How did I “read the world”? Which “single stories” were present in my schooling?

I grew up in an area of my hometown that was not very ornate. The houses were in varying degrees of disarray. It was an area where you can see many families that were struggling, fragmented, and lost. Many families were new to Canada. Most of my friends spoke English to me as their second or third language. Their families were large. When I was in the 5th grade, I recall only having one friend who had a small family like mine (one sibling). Everyone was struggling, or so it seems in retrospect. I lived in affordable housing. Many families ate from the food bank, including our own. Very few of our parents drove. I found out later in life that some of my friends’ parents drank frequently and stole merchandise from stores on a regular basis. The corner store by my house had bars on the windows, and my mother would call the store manager and inform him that I am coming to buy her cigarettes, and I would run such errands for her almost daily.

My family moved to Regina, one by one, when I was in the 7th grade, spending part of my school year between two provinces. Our financial situation improved greatly, and I had learned that much of what I had experienced was not a necessity of life. I was the kind of kid who had an attitude. At one of the schools I went to back home, I spent many days in the office. It took me almost the remainder of my grade-school days, until later in my high school years, to turn my attitude around. In my earlier grades, I responded poorly to authority, as did all of my friends. I thought we were lost, and our neighbourhood was perceived as being dangerous. After growing up some, I realized that the neighbourhood was quite alright, albeit mainly working class. Some people still tried to avoid it, but it really wasn’t that dangerous. I changed my attitude towards authority, and many of my old friends are now quite successful and otherwise happy. I once assumed that the community was doomed because of the class-structure that it had, but that was a flawed perception. We were not without our own set of privileges, and we overcame the challenges that we met. I was lucky to have seen so many communities, and I was lucky to have parents who did not give up on their kids or themselves.

As a future teacher, I value transparency. Part of being transparent requires us to be vulnerable. What we think we know about our students can blind us to the opportunities we get each day to learn from them. I had not realized my privilege growing up in poverty, but it was there ,and as a white teacher, “the work of interrupting [my] privilege is never done” (Kumashiro, p. 77). It is my responsibility to acknowledge the things that I do not know, and why I do not know them. It can be difficult to be vulnerable, but it is the first step. And it is important to know that sometimes, when we seek, we do not find. We must keep our head up when we see and feel life’s injustices. When we work hard for something and it goes to the less-deserving; we must remember that this is our perception. We don’t know everything. And life isn’t fair.

A friend of a friend made a Facebook post about their bike getting stolen from inside of their apartment.
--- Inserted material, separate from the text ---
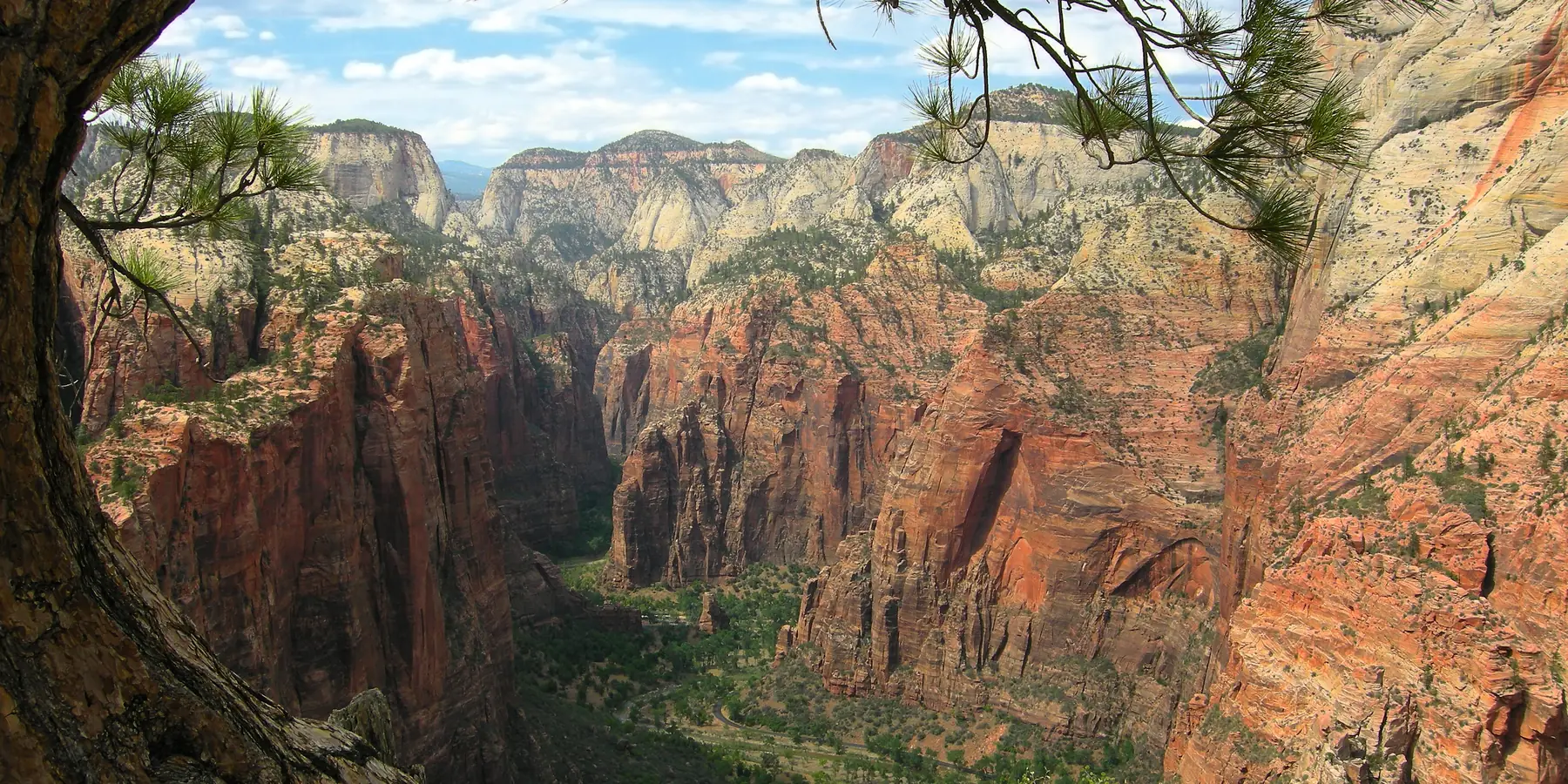 The view north up Zion Canyon from the Angels Landing trail, with green trees on the canyon floor far below.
The bike was eventually retrieved, but there was a weapon fastened to it. The comments on this post were left mainly by individuals who were aghast and they condemned this individual for stealing a bike and carrying around a weapon. One comment, however, stuck out to me. This commenter questioned why this person required a weapon, and why were they out stealing bikes? It was a refreshing perspective that assumed an inherent good in all of us. It reminded the other commenters that this person who was out stealing bikes, carrying a weapon was likely doing so not purely for nefarious reasons, but likely for reasons to do with survival. I have had bikes stolen several times, and I hated it, but nobody dreams of growing up and stealing bikes. It is an unenviable reality. This space, this Facebook status, was in danger of becoming a single story. The refreshing perspective supplied by the aforementioned commenter was a reminder for me to always keep my mind-set on this positive, open-minded side of things, something I think is important for all educators to maintain.